**Information shown**
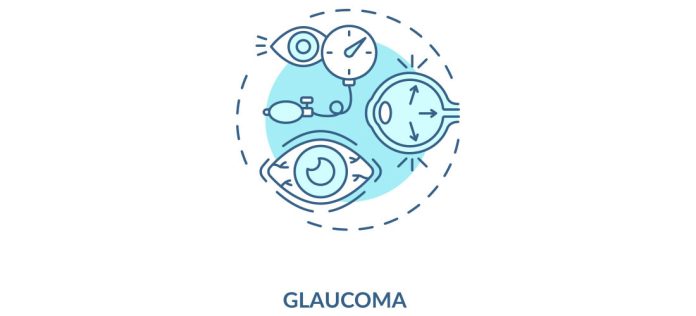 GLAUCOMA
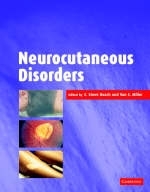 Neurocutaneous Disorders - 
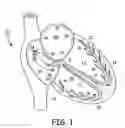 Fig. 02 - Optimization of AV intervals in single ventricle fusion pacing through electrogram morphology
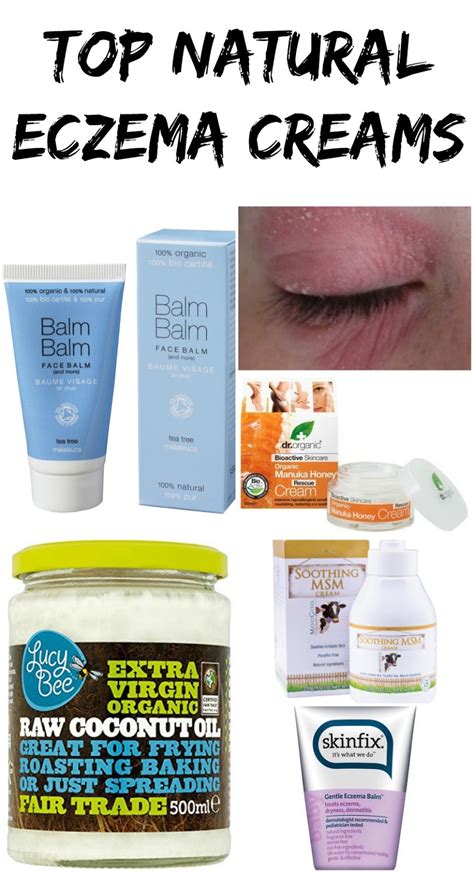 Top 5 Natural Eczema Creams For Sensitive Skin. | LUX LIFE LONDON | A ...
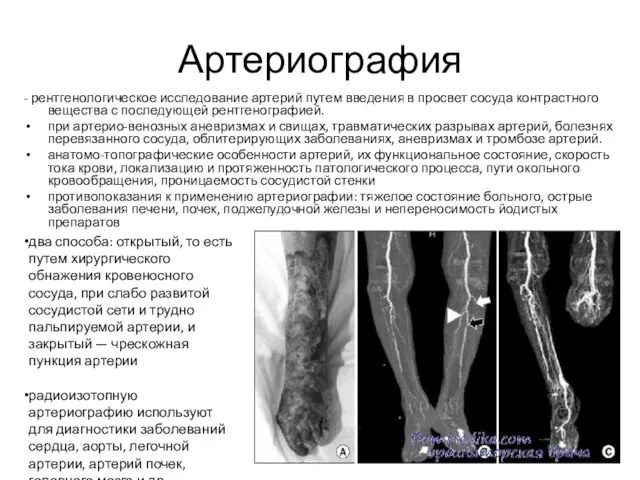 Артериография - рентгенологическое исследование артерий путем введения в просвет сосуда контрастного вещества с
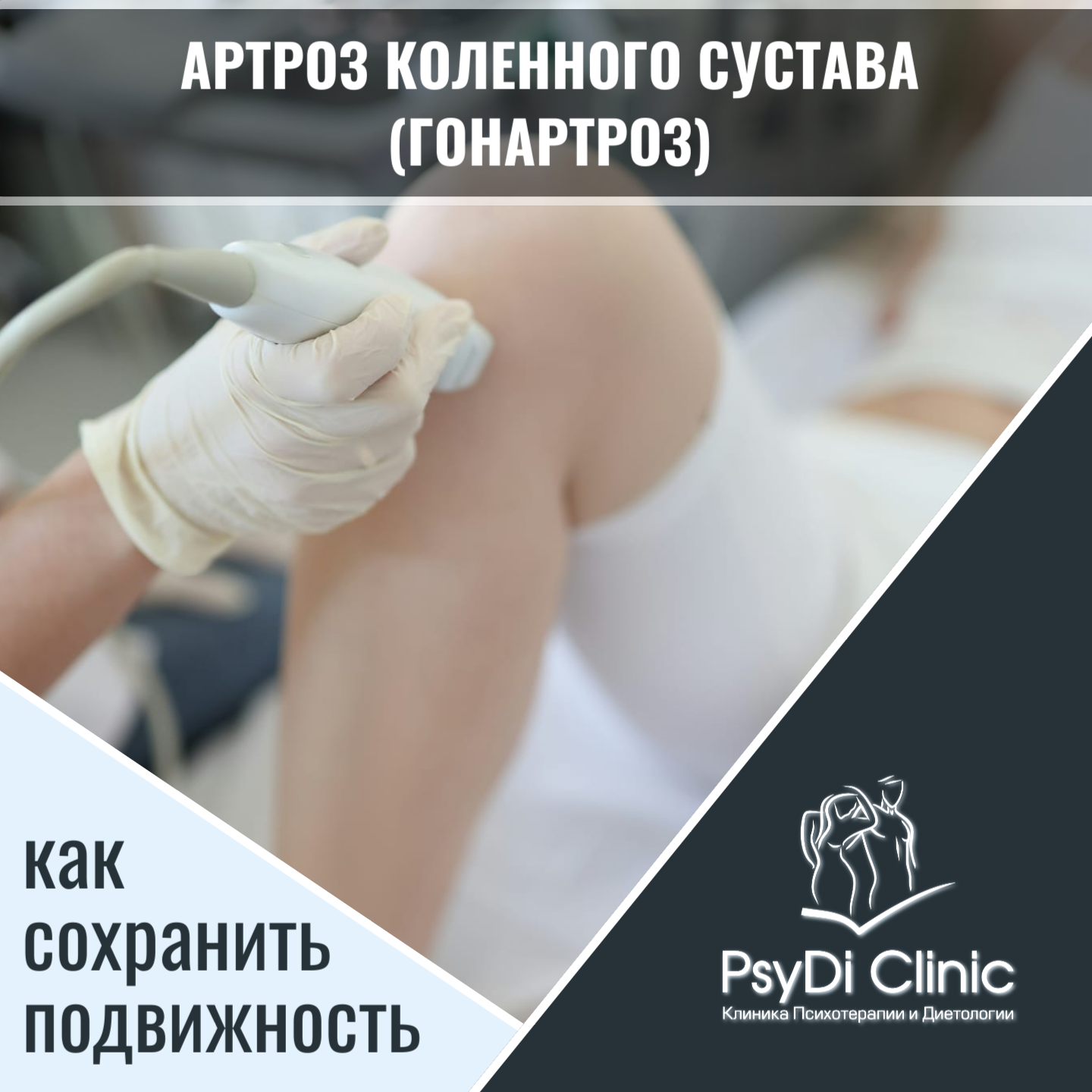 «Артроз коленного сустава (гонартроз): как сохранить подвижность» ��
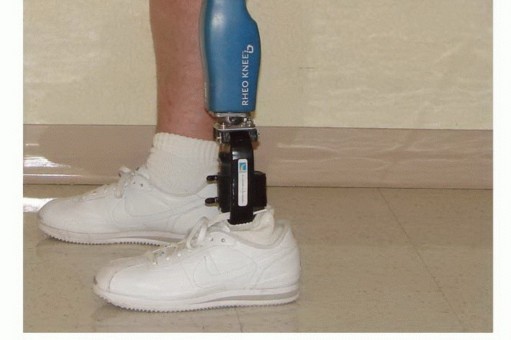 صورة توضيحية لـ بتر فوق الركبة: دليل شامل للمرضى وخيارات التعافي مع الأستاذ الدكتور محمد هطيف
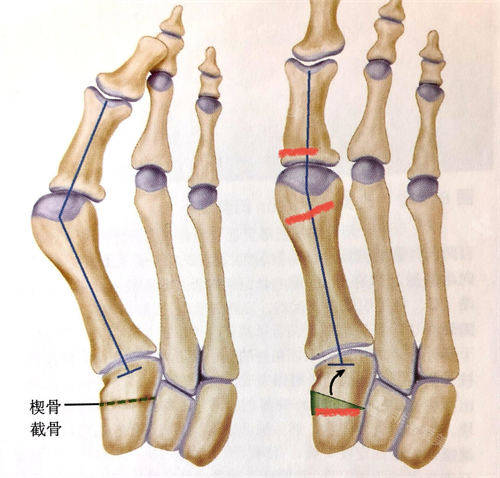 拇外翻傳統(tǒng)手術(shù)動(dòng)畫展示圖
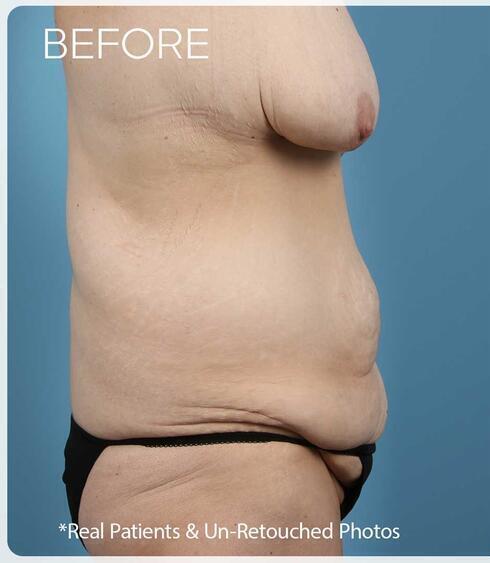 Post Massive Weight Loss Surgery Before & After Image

**Exercise requirements**
Copy exactly the part of the material above that opens with the line containing "Fig. 02 - Optimization" and closes with the line containing "Top 5 Natural", ends included. Drop the images.

**Solution**
 Fig. 02 - Optimization of AV intervals in single ventricle fusion pacing through electrogram morphology
 Top 5 Natural Eczema Creams For Sensitive Skin. | LUX LIFE LONDON | A ...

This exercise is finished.